The problem I have with this protest in London is two-fold. The first is wanting to ‘bring down the government’ (according to the event page on Facebook), which is totally wrongheaded.

And I say this as someone who generally supports Jeremy Corbyn.

The second reason is much more ominous to me – and is to do with language, branding and connotations. I’ll get to that in a moment.

Anyone who reads this blog often enough knows that I’m not defending Theresa May’s government. And most of the reasons people are angry with the government and protesting against it are reasons I entirely agree with.

And, although I generally identify with the left (and I generally identify with the reasons stated for this protest), I try always to be objective here and to not stay stuck in my natural biases.

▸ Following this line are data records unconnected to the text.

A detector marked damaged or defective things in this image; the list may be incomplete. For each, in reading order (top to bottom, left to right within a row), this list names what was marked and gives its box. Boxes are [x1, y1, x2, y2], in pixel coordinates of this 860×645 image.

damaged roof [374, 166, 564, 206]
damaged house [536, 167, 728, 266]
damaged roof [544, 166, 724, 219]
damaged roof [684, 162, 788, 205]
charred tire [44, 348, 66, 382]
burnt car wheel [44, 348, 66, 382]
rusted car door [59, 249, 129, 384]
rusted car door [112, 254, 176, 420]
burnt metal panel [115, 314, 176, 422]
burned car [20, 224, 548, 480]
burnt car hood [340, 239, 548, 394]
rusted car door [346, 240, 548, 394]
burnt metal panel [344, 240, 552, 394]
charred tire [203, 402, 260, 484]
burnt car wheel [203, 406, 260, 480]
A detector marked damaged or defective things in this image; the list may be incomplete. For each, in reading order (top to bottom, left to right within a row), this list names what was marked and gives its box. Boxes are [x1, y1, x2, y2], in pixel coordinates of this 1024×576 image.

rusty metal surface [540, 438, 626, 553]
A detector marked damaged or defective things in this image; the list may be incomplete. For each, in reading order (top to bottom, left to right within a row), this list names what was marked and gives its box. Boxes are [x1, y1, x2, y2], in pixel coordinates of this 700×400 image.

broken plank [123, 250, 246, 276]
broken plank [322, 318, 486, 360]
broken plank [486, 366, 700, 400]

And I worry about some of the hard-left activism – or, perhaps, dubious elements that seem to attach themselves to otherwise genuine protest operations. The same sort of thing happens in America and in lots of other places.

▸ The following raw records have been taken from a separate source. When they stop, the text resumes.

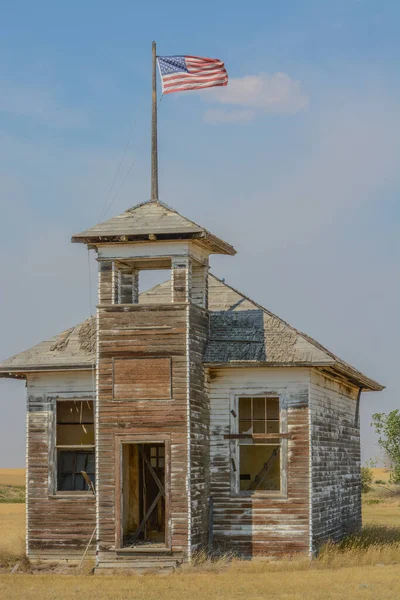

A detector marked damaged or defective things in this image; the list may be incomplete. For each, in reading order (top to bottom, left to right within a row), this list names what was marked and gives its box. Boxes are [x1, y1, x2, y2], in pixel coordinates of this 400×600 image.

rusty brown siding [25, 370, 96, 564]
broken window [55, 398, 95, 492]
broken window [234, 398, 282, 492]
rusty brown siding [208, 366, 310, 556]
rusty brown siding [308, 370, 360, 548]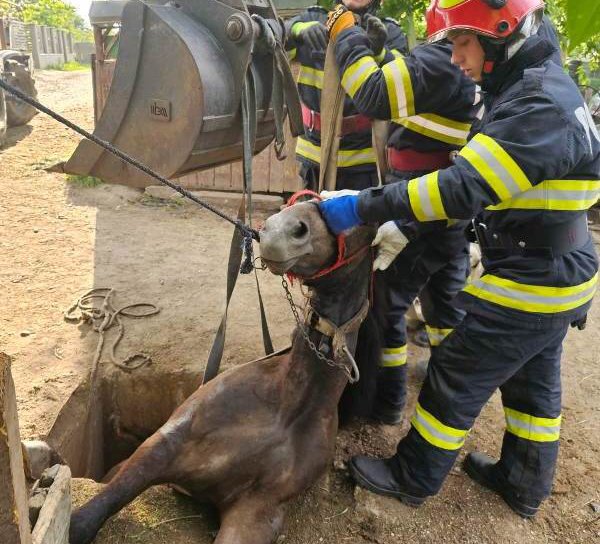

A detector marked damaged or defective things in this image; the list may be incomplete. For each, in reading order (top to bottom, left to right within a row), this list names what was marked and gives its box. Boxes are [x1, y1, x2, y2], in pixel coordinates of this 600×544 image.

rusty metal bucket [59, 0, 308, 188]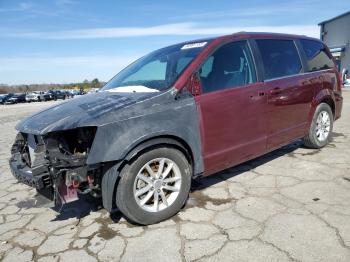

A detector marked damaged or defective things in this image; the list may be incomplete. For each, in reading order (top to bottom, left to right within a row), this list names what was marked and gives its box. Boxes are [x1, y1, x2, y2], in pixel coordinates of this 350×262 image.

crumpled front end [9, 128, 101, 208]
dented hood [16, 90, 161, 135]
cracked concrete [0, 90, 350, 262]
damaged minivan [10, 32, 342, 225]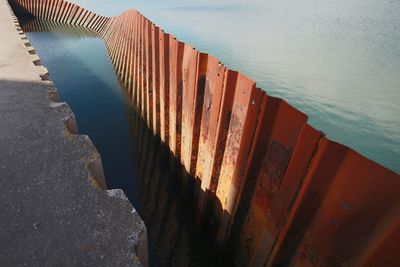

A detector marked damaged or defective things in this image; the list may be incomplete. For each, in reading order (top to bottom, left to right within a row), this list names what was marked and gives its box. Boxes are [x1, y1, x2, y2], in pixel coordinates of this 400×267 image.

rusted steel panel [181, 44, 200, 174]
rusted steel panel [195, 54, 225, 184]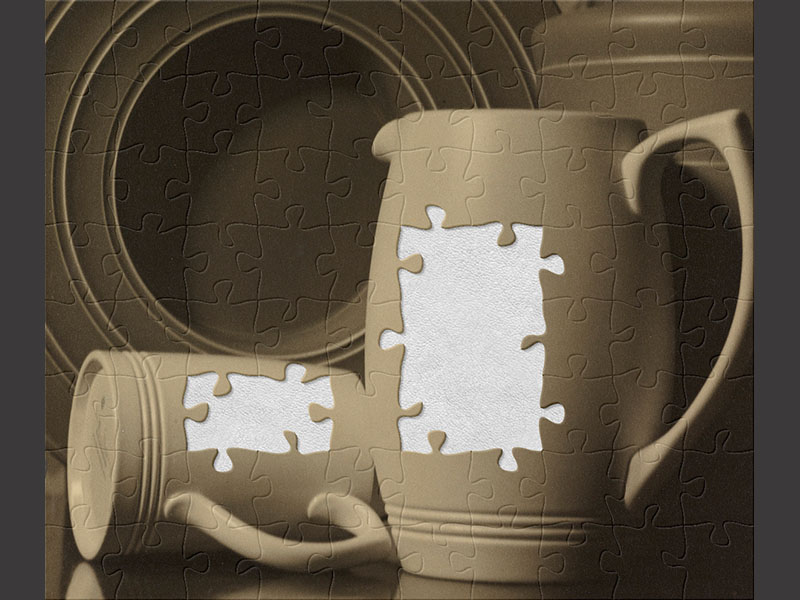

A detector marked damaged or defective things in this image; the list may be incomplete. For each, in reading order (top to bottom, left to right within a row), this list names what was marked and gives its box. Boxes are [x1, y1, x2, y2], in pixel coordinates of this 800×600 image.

large white missing area [181, 364, 332, 472]
large white missing area [380, 206, 564, 468]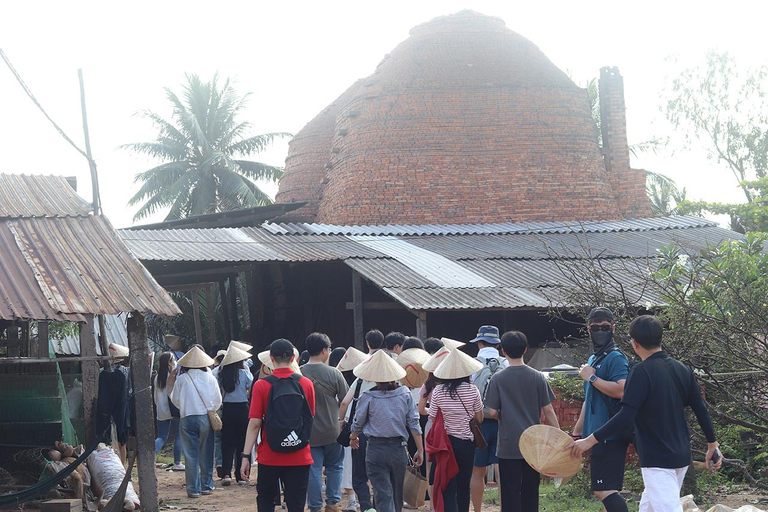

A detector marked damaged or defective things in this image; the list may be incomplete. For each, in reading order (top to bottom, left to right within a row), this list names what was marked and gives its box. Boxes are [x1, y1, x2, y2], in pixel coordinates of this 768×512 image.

rusty metal sheet [0, 174, 91, 218]
rusty metal sheet [1, 214, 182, 318]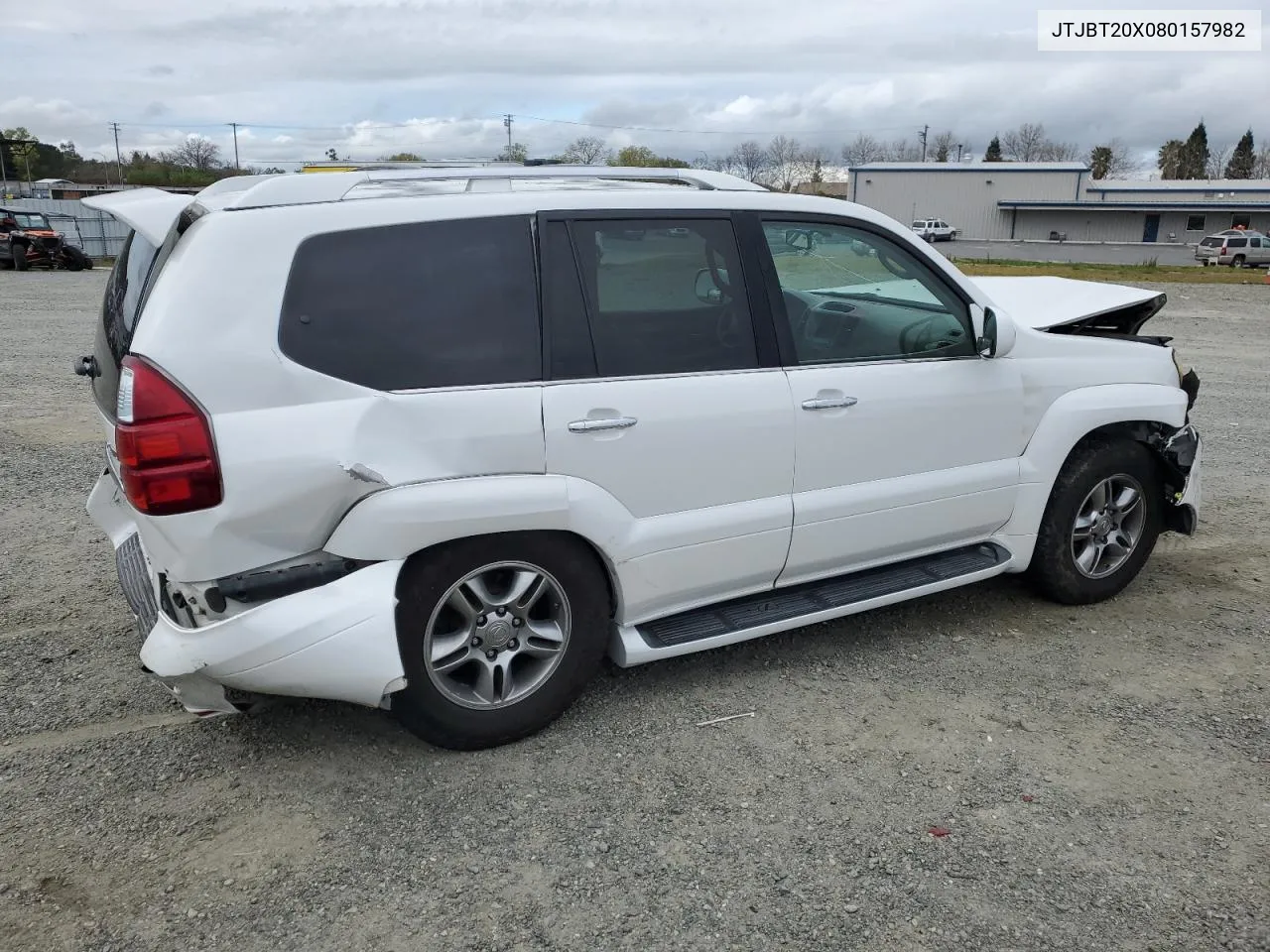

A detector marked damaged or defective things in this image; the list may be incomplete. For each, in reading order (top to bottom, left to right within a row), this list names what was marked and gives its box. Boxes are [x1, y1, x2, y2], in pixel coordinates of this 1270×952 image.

damaged rear bumper [86, 474, 404, 721]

In this current case, there has already been a protest to demand the Conservatives step down from government after the election result; and now the Grenfell Tower tragedy – rightly or wrongly – seems to have provided a catalyst for further protest.

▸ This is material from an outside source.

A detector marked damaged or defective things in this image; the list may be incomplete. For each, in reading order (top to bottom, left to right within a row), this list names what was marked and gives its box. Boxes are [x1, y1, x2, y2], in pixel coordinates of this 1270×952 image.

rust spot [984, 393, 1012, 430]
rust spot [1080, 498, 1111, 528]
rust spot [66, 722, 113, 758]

I am generally avoiding conspiracy theories about the Grenfell Tower fire – though there are a lot of them about – but it is worth saying that people and family members associated with the tower were apparently complaining about the protest and about their situation being hijacked and exploited by other groups with their own agendas.

The march yesterday in Whitehall was organised by something called the ‘Movement For Justice By Any Means Necessary (MFJ)’; in the end, only about 500 people turned up, so it wasn’t anything like as big as expected.

But the main concerns I have with this – and it’s the reason I’m bothering to post about it – is the very dubious ‘Day of Rage’ branding. In fact, it’s only when I heard it being referred to as a ‘Day of Rage’ that I started paying more attention.

Now, ok, ‘Day of Rage’ has become a popular branding for these things – and yes, I know that the term goes back to the late sixties and the protests against the Vietnam War. But, in more modern terms, the ‘Day of Rage’ is associated with the Arab Spring, and in particular the ‘protests’ that hit Libya and Syria in the beginning of 2011.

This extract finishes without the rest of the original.